Aim of the task – Return the data below exactly, stopping after the line with "Hello, my friends.".

Stored data entries:
'''
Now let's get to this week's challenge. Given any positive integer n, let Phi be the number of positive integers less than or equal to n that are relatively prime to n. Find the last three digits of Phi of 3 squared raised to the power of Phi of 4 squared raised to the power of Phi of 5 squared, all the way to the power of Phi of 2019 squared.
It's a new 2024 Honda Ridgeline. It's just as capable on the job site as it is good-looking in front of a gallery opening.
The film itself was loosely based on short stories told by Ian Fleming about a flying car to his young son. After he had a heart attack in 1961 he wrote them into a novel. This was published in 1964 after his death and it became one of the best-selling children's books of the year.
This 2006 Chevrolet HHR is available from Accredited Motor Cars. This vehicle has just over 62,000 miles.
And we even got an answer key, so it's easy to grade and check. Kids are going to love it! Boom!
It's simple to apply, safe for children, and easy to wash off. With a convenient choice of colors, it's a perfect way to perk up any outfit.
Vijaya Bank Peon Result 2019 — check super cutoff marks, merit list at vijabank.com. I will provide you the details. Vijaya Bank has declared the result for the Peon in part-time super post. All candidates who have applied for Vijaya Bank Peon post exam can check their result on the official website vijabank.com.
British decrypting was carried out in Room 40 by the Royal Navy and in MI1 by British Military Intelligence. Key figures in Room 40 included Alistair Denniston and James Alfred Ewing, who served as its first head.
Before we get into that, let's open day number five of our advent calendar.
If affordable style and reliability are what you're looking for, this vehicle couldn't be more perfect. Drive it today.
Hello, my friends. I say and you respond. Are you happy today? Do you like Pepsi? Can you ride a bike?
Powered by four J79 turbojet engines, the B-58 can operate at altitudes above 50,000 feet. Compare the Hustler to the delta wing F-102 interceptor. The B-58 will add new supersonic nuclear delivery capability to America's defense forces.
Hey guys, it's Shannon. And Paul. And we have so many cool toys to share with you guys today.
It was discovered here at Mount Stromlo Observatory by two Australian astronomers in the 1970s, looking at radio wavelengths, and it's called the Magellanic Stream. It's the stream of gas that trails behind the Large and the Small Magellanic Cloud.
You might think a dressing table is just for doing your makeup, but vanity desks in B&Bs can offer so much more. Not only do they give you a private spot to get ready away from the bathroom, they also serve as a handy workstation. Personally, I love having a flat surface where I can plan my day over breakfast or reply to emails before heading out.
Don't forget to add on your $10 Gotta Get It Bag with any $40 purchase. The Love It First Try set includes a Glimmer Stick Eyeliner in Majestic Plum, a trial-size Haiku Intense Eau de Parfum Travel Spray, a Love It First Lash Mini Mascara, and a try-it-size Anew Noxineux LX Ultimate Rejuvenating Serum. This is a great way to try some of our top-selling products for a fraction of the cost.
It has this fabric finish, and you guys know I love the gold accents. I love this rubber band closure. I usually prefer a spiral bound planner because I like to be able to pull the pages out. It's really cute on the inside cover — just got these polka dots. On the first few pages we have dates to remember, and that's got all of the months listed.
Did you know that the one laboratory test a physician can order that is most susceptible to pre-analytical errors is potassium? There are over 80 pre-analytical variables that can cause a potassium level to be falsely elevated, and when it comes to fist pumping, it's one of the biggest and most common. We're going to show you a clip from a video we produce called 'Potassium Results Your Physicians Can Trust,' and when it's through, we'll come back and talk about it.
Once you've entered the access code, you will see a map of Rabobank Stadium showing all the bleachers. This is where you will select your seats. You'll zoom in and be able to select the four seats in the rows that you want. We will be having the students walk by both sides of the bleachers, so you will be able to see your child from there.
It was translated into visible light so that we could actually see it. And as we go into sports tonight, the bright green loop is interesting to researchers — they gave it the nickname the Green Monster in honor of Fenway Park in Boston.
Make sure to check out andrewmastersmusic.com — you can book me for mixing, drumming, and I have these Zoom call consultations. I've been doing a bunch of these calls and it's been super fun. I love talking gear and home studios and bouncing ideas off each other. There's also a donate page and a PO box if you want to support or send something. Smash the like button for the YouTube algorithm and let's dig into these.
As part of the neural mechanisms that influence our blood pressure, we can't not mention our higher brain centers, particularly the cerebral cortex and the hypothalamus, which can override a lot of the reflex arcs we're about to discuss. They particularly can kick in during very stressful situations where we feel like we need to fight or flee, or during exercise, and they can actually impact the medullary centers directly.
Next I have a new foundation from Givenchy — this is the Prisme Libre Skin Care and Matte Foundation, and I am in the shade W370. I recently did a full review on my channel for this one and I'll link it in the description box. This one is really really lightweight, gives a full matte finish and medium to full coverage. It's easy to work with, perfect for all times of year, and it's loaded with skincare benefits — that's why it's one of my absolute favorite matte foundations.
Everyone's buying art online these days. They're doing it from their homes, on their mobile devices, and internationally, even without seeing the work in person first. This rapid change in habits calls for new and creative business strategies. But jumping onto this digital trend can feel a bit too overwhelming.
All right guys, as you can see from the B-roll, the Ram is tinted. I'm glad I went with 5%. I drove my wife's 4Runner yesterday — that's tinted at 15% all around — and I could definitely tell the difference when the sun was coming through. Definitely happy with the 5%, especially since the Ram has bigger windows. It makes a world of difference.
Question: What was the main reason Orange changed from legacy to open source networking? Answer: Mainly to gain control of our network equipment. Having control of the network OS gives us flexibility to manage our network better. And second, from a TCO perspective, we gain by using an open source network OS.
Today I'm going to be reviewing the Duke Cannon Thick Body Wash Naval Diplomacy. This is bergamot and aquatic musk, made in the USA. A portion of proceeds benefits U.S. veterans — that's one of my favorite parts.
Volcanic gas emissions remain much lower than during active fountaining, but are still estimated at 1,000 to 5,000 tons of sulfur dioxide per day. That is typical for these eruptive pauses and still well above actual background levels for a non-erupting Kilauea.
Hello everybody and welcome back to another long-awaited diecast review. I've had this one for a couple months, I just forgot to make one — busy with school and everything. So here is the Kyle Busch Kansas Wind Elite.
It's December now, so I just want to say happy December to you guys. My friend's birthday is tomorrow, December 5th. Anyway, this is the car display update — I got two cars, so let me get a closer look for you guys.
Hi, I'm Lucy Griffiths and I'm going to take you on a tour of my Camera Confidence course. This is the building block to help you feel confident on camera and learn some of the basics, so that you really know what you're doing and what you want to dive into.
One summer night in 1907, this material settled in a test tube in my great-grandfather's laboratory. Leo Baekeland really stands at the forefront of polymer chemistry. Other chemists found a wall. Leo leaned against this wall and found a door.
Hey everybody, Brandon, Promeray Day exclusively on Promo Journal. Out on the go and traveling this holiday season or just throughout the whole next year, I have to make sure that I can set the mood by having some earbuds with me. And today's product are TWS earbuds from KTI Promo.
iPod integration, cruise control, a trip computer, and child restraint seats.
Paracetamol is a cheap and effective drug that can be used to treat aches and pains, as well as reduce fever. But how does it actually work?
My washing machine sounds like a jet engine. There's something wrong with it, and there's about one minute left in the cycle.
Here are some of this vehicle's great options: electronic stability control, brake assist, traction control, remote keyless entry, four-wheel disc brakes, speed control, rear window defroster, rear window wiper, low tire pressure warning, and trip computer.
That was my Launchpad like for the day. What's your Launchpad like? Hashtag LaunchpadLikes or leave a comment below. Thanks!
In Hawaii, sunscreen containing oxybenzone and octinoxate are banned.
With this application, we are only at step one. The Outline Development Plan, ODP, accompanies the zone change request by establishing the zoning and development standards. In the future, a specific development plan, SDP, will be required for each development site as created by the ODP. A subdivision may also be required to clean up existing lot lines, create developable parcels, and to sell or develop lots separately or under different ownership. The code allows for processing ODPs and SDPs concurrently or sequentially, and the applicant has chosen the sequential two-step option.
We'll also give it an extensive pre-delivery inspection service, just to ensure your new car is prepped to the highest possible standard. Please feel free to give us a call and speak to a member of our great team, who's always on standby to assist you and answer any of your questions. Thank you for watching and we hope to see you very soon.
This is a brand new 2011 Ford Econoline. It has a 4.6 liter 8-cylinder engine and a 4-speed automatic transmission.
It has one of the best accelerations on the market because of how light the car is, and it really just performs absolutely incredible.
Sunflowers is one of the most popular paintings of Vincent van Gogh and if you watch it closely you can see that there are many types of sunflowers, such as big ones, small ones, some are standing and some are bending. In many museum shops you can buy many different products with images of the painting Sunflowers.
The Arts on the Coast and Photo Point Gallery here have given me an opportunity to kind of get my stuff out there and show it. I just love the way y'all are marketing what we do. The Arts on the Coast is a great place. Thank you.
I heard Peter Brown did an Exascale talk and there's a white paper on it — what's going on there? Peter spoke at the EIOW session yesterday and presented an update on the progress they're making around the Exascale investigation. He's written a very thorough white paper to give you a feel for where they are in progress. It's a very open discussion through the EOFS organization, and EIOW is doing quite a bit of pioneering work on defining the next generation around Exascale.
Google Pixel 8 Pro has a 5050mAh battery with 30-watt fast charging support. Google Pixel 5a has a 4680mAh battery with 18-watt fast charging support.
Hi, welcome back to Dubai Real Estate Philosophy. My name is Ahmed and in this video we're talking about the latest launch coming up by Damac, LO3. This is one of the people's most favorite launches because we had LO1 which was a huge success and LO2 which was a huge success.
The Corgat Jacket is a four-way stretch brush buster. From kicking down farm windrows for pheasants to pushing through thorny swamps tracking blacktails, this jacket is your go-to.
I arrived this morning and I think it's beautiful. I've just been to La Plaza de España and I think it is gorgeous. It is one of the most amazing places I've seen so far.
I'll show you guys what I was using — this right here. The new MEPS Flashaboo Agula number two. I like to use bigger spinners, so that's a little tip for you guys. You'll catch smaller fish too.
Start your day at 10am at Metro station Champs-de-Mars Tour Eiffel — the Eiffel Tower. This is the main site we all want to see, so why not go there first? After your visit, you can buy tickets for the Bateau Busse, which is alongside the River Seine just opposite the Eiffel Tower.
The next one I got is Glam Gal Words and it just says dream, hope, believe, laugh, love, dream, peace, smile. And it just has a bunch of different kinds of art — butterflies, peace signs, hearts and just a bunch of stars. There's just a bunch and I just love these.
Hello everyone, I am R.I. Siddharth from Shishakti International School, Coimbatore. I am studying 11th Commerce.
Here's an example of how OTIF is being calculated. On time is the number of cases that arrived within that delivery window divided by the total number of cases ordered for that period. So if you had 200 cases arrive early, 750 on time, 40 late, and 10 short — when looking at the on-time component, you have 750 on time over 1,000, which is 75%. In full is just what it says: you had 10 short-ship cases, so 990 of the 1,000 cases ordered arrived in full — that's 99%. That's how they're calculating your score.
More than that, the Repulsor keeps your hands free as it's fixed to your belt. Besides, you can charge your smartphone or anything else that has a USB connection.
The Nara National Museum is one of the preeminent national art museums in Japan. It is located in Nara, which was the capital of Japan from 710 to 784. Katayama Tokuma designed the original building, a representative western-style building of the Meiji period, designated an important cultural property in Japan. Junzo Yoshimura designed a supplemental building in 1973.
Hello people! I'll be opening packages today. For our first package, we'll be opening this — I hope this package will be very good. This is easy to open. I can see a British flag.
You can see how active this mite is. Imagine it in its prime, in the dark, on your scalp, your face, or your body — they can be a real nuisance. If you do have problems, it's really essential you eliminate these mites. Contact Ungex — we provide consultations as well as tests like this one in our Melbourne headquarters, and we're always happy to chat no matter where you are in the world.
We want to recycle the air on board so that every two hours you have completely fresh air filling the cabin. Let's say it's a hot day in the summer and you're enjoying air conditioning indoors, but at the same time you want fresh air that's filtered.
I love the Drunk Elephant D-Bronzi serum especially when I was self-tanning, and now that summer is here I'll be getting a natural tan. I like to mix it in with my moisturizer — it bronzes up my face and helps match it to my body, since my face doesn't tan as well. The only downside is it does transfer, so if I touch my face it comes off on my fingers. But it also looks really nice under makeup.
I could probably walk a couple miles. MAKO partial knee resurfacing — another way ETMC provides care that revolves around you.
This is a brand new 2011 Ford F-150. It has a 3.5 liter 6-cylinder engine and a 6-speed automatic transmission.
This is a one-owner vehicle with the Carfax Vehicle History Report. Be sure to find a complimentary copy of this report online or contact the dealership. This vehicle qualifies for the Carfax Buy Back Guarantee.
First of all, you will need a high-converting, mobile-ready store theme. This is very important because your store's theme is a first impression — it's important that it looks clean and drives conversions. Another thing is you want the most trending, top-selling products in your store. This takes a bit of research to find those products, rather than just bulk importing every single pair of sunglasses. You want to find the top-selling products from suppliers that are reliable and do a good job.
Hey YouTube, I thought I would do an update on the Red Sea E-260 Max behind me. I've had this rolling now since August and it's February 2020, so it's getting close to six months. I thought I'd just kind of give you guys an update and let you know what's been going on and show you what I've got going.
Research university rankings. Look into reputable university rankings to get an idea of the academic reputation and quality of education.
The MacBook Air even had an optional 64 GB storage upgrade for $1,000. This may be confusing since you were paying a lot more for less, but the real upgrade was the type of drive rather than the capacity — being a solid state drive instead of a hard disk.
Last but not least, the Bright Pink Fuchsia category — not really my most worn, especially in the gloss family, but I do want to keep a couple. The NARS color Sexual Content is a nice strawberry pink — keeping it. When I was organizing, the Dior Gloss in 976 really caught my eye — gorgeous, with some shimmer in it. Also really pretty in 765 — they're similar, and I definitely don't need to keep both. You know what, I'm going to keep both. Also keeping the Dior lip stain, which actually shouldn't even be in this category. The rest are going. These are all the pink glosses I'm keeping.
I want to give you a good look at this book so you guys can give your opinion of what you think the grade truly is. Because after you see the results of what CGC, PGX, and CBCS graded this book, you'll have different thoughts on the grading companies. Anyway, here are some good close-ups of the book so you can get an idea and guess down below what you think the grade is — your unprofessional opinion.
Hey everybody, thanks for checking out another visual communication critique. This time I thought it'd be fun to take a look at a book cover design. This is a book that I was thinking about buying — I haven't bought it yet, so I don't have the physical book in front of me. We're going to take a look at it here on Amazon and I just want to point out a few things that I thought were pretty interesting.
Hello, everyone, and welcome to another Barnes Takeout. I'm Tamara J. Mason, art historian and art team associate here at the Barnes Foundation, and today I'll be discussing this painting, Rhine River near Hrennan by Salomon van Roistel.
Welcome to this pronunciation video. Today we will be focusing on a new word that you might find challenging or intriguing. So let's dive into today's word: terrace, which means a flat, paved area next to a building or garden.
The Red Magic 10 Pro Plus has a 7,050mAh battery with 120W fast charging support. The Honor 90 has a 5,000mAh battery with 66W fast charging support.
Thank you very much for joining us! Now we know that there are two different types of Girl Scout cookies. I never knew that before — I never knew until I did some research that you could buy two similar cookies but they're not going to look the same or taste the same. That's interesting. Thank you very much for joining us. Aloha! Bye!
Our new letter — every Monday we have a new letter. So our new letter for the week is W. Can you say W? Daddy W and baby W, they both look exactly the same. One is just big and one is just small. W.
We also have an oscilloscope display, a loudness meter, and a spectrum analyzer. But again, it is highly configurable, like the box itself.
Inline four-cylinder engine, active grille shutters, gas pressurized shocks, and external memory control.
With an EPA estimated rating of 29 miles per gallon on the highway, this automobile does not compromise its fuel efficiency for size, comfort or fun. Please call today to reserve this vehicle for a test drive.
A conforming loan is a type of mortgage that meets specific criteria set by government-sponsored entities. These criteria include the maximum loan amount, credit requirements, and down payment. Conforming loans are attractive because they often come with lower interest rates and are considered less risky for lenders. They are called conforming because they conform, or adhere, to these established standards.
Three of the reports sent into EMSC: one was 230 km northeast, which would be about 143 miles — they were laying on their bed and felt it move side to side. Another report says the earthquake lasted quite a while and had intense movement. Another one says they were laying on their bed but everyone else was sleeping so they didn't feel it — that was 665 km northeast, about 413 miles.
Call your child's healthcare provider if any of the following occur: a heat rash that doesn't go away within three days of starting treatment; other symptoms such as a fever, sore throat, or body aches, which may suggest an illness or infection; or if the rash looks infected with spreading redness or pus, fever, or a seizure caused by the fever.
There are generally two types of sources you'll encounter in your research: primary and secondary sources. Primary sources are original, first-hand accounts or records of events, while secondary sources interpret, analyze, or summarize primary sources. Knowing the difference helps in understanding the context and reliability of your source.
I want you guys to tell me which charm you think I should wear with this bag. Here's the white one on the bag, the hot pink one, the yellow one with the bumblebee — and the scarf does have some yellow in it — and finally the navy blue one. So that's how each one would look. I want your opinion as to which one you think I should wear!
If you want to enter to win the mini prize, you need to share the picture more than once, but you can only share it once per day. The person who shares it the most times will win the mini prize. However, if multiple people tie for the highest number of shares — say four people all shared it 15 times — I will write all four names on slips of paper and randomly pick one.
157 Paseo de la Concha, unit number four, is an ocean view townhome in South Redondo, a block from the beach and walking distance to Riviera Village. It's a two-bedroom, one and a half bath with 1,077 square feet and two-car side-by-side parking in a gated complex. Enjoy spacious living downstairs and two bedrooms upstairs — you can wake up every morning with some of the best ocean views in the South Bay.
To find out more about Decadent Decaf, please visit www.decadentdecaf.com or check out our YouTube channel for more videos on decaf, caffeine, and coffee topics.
'''
Response box –
Now let's get to this week's challenge. Given any positive integer n, let Phi be the number of positive integers less than or equal to n that are relatively prime to n. Find the last three digits of Phi of 3 squared raised to the power of Phi of 4 squared raised to the power of Phi of 5 squared, all the way to the power of Phi of 2019 squared.
It's a new 2024 Honda Ridgeline. It's just as capable on the job site as it is good-looking in front of a gallery opening.
The film itself was loosely based on short stories told by Ian Fleming about a flying car to his young son. After he had a heart attack in 1961 he wrote them into a novel. This was published in 1964 after his death and it became one of the best-selling children's books of the year.
This 2006 Chevrolet HHR is available from Accredited Motor Cars. This vehicle has just over 62,000 miles.
And we even got an answer key, so it's easy to grade and check. Kids are going to love it! Boom!
It's simple to apply, safe for children, and easy to wash off. With a convenient choice of colors, it's a perfect way to perk up any outfit.
Vijaya Bank Peon Result 2019 — check super cutoff marks, merit list at vijabank.com. I will provide you the details. Vijaya Bank has declared the result for the Peon in part-time super post. All candidates who have applied for Vijaya Bank Peon post exam can check their result on the official website vijabank.com.
British decrypting was carried out in Room 40 by the Royal Navy and in MI1 by British Military Intelligence. Key figures in Room 40 included Alistair Denniston and James Alfred Ewing, who served as its first head.
Before we get into that, let's open day number five of our advent calendar.
If affordable style and reliability are what you're looking for, this vehicle couldn't be more perfect. Drive it today.
Hello, my friends. I say and you respond. Are you happy today? Do you like Pepsi? Can you ride a bike?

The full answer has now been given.